Saved entries
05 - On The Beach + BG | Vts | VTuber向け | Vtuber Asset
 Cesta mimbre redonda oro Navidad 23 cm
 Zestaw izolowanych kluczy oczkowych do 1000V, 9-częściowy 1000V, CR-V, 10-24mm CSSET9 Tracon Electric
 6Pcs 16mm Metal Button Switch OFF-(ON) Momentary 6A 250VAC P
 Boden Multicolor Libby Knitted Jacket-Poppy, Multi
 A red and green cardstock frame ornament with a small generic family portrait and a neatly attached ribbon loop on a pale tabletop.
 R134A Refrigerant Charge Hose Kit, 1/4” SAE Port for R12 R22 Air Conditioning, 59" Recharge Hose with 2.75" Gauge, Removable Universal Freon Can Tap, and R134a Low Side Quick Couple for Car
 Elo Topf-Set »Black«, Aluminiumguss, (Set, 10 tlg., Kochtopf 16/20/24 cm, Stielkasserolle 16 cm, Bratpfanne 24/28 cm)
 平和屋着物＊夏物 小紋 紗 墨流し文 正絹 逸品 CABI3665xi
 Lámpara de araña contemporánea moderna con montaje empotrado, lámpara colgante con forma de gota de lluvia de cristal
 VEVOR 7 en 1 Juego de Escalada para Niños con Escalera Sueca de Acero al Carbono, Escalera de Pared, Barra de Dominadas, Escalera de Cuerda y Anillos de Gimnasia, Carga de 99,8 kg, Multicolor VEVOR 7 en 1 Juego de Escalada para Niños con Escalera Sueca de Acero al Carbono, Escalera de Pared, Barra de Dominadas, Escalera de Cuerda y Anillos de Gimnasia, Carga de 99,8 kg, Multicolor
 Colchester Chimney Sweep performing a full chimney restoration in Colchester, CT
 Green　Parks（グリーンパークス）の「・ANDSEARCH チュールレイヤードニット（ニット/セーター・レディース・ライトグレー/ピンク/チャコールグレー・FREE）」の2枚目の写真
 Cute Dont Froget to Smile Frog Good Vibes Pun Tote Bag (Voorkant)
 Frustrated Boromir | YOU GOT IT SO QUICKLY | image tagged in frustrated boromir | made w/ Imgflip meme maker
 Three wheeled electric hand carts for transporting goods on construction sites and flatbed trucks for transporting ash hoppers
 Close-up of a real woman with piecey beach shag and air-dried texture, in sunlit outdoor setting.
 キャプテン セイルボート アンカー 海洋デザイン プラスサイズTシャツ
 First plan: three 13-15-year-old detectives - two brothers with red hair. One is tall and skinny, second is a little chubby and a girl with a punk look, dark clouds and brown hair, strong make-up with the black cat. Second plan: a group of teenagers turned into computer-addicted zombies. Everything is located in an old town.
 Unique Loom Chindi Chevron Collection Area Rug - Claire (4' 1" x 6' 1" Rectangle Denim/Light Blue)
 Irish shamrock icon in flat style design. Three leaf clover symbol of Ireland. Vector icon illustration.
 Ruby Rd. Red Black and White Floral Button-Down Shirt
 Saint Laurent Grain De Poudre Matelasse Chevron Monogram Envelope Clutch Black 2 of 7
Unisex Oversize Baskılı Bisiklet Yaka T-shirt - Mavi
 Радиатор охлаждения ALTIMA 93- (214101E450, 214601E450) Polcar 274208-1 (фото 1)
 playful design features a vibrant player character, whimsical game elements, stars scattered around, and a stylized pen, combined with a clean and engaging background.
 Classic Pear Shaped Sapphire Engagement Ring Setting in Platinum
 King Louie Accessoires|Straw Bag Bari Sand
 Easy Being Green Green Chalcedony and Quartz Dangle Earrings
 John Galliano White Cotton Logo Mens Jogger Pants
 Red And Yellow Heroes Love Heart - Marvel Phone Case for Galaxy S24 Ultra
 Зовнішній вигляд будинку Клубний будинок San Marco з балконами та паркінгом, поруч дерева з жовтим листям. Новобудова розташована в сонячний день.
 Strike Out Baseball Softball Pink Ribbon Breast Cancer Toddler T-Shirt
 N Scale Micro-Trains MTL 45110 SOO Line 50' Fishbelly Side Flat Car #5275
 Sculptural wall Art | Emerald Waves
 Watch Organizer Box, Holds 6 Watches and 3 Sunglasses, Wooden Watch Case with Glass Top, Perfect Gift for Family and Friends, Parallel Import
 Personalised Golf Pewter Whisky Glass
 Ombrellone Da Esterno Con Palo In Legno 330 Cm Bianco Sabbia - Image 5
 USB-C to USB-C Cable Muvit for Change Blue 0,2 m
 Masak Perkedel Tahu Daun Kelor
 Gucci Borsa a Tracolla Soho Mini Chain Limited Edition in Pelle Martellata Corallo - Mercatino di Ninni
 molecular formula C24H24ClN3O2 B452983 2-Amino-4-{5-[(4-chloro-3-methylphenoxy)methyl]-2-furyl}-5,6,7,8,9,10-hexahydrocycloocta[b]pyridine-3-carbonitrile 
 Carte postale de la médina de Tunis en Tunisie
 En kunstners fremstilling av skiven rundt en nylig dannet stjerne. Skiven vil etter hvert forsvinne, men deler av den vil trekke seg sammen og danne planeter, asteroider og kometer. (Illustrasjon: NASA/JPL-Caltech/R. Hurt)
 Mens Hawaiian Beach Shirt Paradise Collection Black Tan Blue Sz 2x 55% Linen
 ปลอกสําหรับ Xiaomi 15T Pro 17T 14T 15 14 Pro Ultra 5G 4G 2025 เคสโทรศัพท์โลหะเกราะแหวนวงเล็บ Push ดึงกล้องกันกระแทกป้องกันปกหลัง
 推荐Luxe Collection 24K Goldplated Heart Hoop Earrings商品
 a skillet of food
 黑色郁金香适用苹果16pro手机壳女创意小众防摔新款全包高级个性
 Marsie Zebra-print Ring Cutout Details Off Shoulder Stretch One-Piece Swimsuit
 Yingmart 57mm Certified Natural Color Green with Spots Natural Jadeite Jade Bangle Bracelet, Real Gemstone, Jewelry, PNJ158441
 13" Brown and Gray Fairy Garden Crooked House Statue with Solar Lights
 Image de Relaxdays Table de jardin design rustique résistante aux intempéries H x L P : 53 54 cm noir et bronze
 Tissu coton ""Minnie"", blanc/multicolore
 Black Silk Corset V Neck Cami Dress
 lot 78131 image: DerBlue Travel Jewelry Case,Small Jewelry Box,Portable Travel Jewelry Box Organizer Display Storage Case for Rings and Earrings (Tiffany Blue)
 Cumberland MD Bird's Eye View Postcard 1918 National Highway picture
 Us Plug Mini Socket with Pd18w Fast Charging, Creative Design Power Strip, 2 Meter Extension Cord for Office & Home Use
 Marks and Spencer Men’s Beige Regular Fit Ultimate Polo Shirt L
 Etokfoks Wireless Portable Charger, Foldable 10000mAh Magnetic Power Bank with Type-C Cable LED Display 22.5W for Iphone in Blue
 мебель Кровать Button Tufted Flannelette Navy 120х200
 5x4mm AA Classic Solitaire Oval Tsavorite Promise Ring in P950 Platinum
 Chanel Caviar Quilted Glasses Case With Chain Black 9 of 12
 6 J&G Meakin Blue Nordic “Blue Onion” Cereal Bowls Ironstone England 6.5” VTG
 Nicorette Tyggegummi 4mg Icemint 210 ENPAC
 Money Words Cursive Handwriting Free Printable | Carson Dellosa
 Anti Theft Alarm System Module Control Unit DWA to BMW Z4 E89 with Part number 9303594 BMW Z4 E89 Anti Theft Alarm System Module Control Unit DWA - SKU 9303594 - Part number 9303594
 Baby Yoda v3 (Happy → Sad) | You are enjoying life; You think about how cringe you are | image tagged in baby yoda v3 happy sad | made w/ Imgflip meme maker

→ **ABOUT THIS EXERCISE**
Please restate only the opening stretch of the records above: every line from the first through the one containing "Bratpfanne 24/28 cm)", exactly as written.

→ **SOLVED EXERCISE**
05 - On The Beach + BG | Vts | VTuber向け | Vtuber Asset
 Cesta mimbre redonda oro Navidad 23 cm
 Zestaw izolowanych kluczy oczkowych do 1000V, 9-częściowy 1000V, CR-V, 10-24mm CSSET9 Tracon Electric
 6Pcs 16mm Metal Button Switch OFF-(ON) Momentary 6A 250VAC P
 Boden Multicolor Libby Knitted Jacket-Poppy, Multi
 A red and green cardstock frame ornament with a small generic family portrait and a neatly attached ribbon loop on a pale tabletop.
 R134A Refrigerant Charge Hose Kit, 1/4” SAE Port for R12 R22 Air Conditioning, 59" Recharge Hose with 2.75" Gauge, Removable Universal Freon Can Tap, and R134a Low Side Quick Couple for Car
 Elo Topf-Set »Black«, Aluminiumguss, (Set, 10 tlg., Kochtopf 16/20/24 cm, Stielkasserolle 16 cm, Bratpfanne 24/28 cm)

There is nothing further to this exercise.